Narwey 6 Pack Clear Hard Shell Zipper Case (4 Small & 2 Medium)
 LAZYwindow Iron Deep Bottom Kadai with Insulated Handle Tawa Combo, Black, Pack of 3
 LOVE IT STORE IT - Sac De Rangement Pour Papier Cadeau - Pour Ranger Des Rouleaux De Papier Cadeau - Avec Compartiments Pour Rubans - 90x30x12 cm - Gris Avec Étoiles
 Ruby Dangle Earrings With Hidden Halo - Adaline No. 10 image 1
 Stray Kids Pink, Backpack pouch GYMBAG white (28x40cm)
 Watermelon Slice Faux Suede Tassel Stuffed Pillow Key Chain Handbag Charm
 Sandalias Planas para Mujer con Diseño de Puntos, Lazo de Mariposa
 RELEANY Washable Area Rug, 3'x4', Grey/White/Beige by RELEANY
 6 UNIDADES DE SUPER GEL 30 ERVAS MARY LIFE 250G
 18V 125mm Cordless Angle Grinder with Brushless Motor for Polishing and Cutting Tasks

* [EXERCISE AIM]
The lines wanted are those from the one containing "Stray Kids Pink, Backpack" through the last line of the listing above. Repeat them exactly.

* [EXERCISE OUTPUT]
 Stray Kids Pink, Backpack pouch GYMBAG white (28x40cm)
 Watermelon Slice Faux Suede Tassel Stuffed Pillow Key Chain Handbag Charm
 Sandalias Planas para Mujer con Diseño de Puntos, Lazo de Mariposa
 RELEANY Washable Area Rug, 3'x4', Grey/White/Beige by RELEANY
 6 UNIDADES DE SUPER GEL 30 ERVAS MARY LIFE 250G
 18V 125mm Cordless Angle Grinder with Brushless Motor for Polishing and Cutting Tasks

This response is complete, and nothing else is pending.